Macroeconomic Trends: * T-Mobile continues to monitor potential impacts of macroeconomic trends, including potential economic recession, changes in the Federal Reserve’s monetary policy, as well as geopolitical risks.

Results of Operations: Total revenues increased $2.8 billion, or 4% in the year ended December 31, 2024, compared to the same period in 2023. Adjusted EBITDA and Core Adjusted EBITDA also showed positive growth in the same period, increasing by 8% and 9% respectively. * Net cash provided by operating activities increased by 20% in the year ended December 31, 2024, compared to the same period in 2023.

These specific figures and events from T-Mobile's 10-K provide a comprehensive view of the company's financial and operational performance, as well as its strategic initiatives and outlook for the future. The market has reacted to these announcements by moving the company's shares -0.6% to a price of $232.97. Check out the company's full 10-K submission here.

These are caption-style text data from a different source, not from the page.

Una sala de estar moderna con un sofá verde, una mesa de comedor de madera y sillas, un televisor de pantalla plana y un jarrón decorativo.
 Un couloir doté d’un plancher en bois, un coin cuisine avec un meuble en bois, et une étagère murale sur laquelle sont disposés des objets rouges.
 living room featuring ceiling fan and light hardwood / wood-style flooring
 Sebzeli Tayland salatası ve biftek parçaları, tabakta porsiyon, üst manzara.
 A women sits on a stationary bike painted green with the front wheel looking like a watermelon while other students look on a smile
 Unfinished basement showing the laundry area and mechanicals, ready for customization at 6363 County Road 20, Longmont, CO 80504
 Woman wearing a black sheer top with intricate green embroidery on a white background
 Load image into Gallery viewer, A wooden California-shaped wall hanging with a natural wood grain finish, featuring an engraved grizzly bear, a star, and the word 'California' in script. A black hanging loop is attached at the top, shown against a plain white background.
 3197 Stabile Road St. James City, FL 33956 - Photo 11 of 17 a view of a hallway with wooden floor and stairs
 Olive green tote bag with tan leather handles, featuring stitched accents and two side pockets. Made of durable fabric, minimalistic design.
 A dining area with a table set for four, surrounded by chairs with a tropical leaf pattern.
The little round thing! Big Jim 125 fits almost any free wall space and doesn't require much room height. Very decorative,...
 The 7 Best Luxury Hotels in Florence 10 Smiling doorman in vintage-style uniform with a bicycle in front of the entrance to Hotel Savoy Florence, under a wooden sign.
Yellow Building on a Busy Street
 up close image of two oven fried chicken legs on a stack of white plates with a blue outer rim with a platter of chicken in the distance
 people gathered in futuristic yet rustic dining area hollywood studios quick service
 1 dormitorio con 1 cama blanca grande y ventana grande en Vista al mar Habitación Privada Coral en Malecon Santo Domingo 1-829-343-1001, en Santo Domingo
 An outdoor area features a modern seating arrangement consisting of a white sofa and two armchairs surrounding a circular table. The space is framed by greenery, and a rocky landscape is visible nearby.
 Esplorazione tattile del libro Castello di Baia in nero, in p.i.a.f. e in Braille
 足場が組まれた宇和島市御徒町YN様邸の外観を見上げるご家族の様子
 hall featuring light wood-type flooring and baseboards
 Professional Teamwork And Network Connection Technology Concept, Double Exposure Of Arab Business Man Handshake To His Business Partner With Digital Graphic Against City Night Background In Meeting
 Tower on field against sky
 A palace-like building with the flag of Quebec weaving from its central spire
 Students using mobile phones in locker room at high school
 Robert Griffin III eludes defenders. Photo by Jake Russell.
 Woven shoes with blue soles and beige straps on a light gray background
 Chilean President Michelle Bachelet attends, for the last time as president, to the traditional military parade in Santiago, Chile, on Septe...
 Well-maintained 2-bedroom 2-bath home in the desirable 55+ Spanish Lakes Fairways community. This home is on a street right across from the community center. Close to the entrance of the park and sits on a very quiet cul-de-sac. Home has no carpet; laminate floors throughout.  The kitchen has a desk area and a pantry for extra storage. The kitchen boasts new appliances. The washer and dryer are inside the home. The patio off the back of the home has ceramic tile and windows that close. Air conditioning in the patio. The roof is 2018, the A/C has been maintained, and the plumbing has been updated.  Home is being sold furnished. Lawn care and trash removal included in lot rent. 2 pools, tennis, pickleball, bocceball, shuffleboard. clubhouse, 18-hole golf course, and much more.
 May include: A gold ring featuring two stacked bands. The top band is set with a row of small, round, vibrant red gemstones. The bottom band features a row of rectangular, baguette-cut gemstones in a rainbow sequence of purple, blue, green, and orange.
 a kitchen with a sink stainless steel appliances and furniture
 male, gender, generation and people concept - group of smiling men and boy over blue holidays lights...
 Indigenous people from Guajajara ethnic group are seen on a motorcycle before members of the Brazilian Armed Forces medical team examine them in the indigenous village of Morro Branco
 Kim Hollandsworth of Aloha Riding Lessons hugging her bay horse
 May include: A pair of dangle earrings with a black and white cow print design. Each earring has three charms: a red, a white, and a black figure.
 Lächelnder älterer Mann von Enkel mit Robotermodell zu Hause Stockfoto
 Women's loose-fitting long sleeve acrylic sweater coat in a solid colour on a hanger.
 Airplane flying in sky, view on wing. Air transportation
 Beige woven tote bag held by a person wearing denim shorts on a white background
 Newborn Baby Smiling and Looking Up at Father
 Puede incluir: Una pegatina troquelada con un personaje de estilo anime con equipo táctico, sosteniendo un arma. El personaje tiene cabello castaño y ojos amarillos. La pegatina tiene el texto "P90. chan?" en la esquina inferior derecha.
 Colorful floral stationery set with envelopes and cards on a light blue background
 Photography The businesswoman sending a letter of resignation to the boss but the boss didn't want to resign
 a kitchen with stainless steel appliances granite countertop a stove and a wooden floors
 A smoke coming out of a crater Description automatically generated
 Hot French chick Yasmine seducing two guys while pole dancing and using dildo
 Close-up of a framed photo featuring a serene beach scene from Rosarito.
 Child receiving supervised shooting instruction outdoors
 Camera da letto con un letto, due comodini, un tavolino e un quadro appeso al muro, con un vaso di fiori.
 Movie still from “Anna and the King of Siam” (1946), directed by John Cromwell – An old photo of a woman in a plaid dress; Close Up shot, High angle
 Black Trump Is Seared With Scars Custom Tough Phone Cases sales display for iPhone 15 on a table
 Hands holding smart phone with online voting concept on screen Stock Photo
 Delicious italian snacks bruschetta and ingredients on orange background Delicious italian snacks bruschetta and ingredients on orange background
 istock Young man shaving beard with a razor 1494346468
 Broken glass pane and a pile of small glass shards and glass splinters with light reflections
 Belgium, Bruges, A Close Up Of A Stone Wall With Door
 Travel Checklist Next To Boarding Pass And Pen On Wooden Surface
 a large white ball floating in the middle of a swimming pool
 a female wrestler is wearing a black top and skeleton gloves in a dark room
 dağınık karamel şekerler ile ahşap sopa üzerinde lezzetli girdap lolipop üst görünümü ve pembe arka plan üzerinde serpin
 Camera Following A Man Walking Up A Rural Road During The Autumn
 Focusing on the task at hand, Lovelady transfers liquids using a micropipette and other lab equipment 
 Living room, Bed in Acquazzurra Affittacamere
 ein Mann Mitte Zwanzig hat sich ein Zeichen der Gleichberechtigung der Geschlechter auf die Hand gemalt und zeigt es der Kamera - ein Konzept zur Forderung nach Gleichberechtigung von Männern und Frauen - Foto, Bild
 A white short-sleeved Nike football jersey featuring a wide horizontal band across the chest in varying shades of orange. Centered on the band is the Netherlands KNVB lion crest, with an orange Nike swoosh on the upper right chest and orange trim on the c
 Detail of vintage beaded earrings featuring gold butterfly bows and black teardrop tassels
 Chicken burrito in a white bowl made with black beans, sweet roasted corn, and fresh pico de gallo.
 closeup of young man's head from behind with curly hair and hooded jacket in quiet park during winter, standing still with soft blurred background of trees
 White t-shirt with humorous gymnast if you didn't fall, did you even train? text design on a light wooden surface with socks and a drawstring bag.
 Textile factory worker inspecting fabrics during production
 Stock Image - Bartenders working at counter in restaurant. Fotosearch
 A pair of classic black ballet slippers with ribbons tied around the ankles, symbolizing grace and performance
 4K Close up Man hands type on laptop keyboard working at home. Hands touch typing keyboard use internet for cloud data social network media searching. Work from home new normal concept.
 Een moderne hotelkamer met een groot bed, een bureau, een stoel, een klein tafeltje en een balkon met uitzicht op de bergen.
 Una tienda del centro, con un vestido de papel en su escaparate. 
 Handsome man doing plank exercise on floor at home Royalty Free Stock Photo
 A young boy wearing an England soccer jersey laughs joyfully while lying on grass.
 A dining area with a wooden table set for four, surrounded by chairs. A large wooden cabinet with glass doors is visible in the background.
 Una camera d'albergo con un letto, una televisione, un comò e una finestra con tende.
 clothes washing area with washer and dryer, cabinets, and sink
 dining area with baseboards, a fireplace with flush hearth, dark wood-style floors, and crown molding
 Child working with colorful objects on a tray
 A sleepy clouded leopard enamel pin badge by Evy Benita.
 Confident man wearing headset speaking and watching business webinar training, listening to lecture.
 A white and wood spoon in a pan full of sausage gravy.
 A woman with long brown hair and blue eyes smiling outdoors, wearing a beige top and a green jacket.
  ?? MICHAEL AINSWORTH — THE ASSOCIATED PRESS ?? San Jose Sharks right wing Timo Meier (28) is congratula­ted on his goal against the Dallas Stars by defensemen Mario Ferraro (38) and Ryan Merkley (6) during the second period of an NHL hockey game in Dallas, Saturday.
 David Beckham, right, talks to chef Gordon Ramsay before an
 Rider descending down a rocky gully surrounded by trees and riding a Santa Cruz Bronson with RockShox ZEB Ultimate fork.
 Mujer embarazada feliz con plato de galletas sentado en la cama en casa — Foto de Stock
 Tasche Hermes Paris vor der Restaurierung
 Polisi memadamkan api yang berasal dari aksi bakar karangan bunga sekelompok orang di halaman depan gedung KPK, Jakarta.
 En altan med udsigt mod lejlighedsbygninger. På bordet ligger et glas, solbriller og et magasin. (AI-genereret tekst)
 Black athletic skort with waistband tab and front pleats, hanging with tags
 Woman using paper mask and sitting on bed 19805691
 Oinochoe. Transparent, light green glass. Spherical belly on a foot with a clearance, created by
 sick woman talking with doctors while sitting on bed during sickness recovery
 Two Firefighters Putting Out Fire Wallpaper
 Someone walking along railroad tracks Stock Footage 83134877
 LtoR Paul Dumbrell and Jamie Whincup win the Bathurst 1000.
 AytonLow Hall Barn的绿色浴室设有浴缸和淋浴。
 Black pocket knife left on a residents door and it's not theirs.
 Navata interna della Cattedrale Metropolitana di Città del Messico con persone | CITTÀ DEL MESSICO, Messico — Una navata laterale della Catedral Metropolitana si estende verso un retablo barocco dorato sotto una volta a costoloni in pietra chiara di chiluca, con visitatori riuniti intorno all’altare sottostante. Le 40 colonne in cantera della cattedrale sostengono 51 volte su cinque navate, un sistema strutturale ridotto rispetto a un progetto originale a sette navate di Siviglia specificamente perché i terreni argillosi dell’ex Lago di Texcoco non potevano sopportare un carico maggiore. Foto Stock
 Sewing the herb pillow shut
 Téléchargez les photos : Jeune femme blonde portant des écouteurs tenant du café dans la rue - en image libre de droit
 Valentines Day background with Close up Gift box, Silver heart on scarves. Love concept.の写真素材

The above analysis is intended for educational purposes only and was performed on the basis of publicly available data. It is not to be construed as a recommendation to buy or sell any security. Any buy, sell, or other recommendations mentioned in the article are direct quotations of consensus recommendations from the analysts covering the stock, and do not represent the opinions of Market Inference or its writers. Past performance, accounting data, and inferences about market position and corporate valuation are not reliable indicators of future price movements. Market Inference does not provide financial advice. Investors should conduct their own review and analysis of any company of interest before making an investment decision.